BEGIN

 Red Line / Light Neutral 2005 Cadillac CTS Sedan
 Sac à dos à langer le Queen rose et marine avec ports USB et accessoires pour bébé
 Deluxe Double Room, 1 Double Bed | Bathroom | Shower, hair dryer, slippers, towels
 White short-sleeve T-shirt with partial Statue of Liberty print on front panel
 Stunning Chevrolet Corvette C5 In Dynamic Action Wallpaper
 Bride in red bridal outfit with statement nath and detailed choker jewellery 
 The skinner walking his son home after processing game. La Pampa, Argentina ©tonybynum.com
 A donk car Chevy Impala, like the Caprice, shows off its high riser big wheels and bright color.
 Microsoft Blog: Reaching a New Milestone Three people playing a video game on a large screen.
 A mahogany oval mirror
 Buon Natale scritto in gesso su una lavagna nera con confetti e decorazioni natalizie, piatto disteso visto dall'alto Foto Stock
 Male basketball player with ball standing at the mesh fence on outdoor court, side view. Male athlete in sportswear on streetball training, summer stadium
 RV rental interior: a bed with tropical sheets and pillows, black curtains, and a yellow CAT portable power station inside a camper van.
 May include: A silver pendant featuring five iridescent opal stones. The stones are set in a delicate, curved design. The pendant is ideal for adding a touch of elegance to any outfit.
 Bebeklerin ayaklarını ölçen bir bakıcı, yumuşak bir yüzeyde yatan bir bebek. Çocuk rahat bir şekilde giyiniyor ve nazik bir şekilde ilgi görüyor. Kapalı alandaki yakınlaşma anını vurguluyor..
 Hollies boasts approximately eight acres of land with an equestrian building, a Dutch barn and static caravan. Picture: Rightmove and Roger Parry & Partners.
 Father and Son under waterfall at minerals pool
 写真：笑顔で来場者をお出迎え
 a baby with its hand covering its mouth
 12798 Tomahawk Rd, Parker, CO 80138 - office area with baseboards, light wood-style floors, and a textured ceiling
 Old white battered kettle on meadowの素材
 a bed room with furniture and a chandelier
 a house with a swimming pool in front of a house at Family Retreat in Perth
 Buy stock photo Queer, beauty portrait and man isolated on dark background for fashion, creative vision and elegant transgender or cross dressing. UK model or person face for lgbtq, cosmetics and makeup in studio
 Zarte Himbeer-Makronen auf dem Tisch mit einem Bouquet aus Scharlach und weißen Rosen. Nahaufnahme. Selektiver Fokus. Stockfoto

END

> WHAT YOU SHOULD DO
Please reproduce every line shown above, exactly as written.

> ANSWER TO THIS EXERCISE
 Red Line / Light Neutral 2005 Cadillac CTS Sedan
 Sac à dos à langer le Queen rose et marine avec ports USB et accessoires pour bébé
 Deluxe Double Room, 1 Double Bed | Bathroom | Shower, hair dryer, slippers, towels
 White short-sleeve T-shirt with partial Statue of Liberty print on front panel
 Stunning Chevrolet Corvette C5 In Dynamic Action Wallpaper
 Bride in red bridal outfit with statement nath and detailed choker jewellery 
 The skinner walking his son home after processing game. La Pampa, Argentina ©tonybynum.com
 A donk car Chevy Impala, like the Caprice, shows off its high riser big wheels and bright color.
 Microsoft Blog: Reaching a New Milestone Three people playing a video game on a large screen.
 A mahogany oval mirror
 Buon Natale scritto in gesso su una lavagna nera con confetti e decorazioni natalizie, piatto disteso visto dall'alto Foto Stock
 Male basketball player with ball standing at the mesh fence on outdoor court, side view. Male athlete in sportswear on streetball training, summer stadium
 RV rental interior: a bed with tropical sheets and pillows, black curtains, and a yellow CAT portable power station inside a camper van.
 May include: A silver pendant featuring five iridescent opal stones. The stones are set in a delicate, curved design. The pendant is ideal for adding a touch of elegance to any outfit.
 Bebeklerin ayaklarını ölçen bir bakıcı, yumuşak bir yüzeyde yatan bir bebek. Çocuk rahat bir şekilde giyiniyor ve nazik bir şekilde ilgi görüyor. Kapalı alandaki yakınlaşma anını vurguluyor..
 Hollies boasts approximately eight acres of land with an equestrian building, a Dutch barn and static caravan. Picture: Rightmove and Roger Parry & Partners.
 Father and Son under waterfall at minerals pool
 写真：笑顔で来場者をお出迎え
 a baby with its hand covering its mouth
 12798 Tomahawk Rd, Parker, CO 80138 - office area with baseboards, light wood-style floors, and a textured ceiling
 Old white battered kettle on meadowの素材
 a bed room with furniture and a chandelier
 a house with a swimming pool in front of a house at Family Retreat in Perth
 Buy stock photo Queer, beauty portrait and man isolated on dark background for fashion, creative vision and elegant transgender or cross dressing. UK model or person face for lgbtq, cosmetics and makeup in studio
 Zarte Himbeer-Makronen auf dem Tisch mit einem Bouquet aus Scharlach und weißen Rosen. Nahaufnahme. Selektiver Fokus. Stockfoto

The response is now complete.